For now I would be content with understanding why the eigenvalues of the shape operator of a surface are the principle curvatures, let's call them $k_1,k_2$.
Let $f: M \rightarrow S^2$ be the Gauss map of an oriented surface $M$ into the sphere. This map simply sends the unit normal vector at any point of our surface to it's point on the sphere, I like to think of this map sort of like a trippy compass.
The differential of this map is called the Shape Operator.
Given a point $x \in M$, the tangent plane at $x$ is denoted $T_xM$ is an inner product space. The shape operator can be defined as a linear operator on $T_xM$ by the equation:
$$ (S_x(v),w)=(df_x(v),w) \quad \text{for any $v,w \in T_x M.$} $$
Apparently, the equation is above is symmetric in $v$ and $w$, and thus the shape operator is a self-adjoint operator. Hm... So it's symmetric in $v$ and $w$, so $(df_x(v),w)=(df_x(w),v)$? Can somebody explain to me why that makes sense??
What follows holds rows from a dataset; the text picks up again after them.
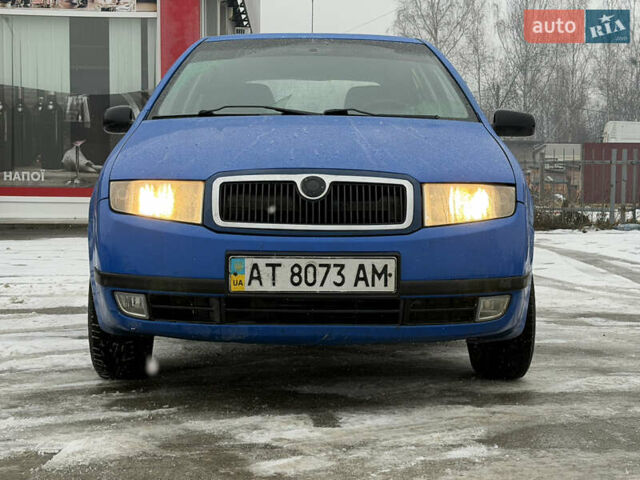 Синий Шкода Фабия, объемом двигателя 1.39 л и пробегом 170 тыс. км за 3000 $, фото 3 на Automoto.ua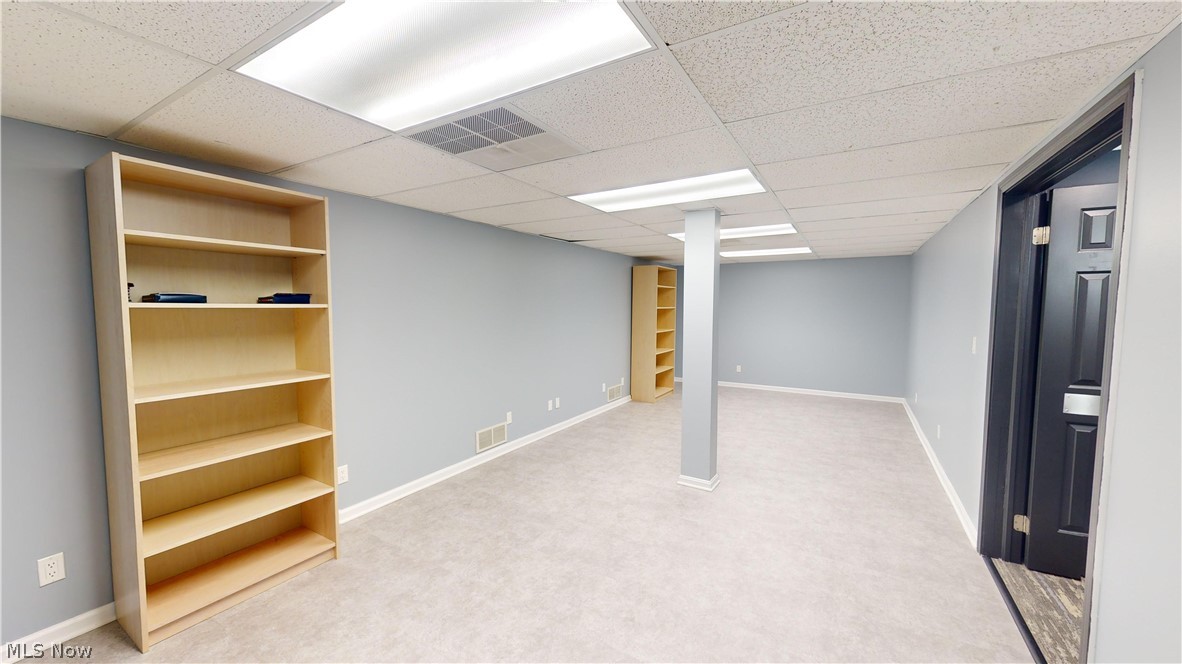 400 E Main Street L8 Property Photo 18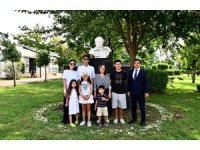 Cengiz Aytmatov’un oğlu ünlü yazarın daha önce yayımlanmamış çalışmalarını Antalya’daki kütüphaneye bağışladı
And then yeah, if somebody could help me understand why the eigen-values of this operator are the principle curvatures, i.e. the maximum and minimum values of possible curvatures as you depart from our given point, $x$, I'd really appreciate it.
Thanks!
Let $\mathbf{x}(u,v)$ be a parametrisation of $M$ around $x$, then $\{\mathbf{x}_u,\mathbf{x}_v\}$ is a basis of $T_x M$. If $N$ is the normal vector on $M$, then $df_x(\mathbf{x_u}) = N_u$ and $df_x(\mathbf{x}_v)=N_v$. Derive $(N,\mathbf{x}_u) = 0$ w.r.t $v$ and $(N, \mathbf{x}_v)=0$ w.r.t. $u$: $$ \begin{align*} (N_v, \mathbf{x}_u) + (N_, \mathbf{x}_{uv}) &= 0 \\ (N_u, \mathbf{x}_v) + (N_, \mathbf{x}_{vu}) &= 0 \end{align*} $$ Hence $$ (N_u, \mathbf{x}_v) = -(N,\mathbf{x}_{uv}) = (N_v,\mathbf{x}_{u}). $$ By linearity, it follows that $(df_x(v),w)= (df_x(w),v)$ for all $v$, $w \in T_x M$.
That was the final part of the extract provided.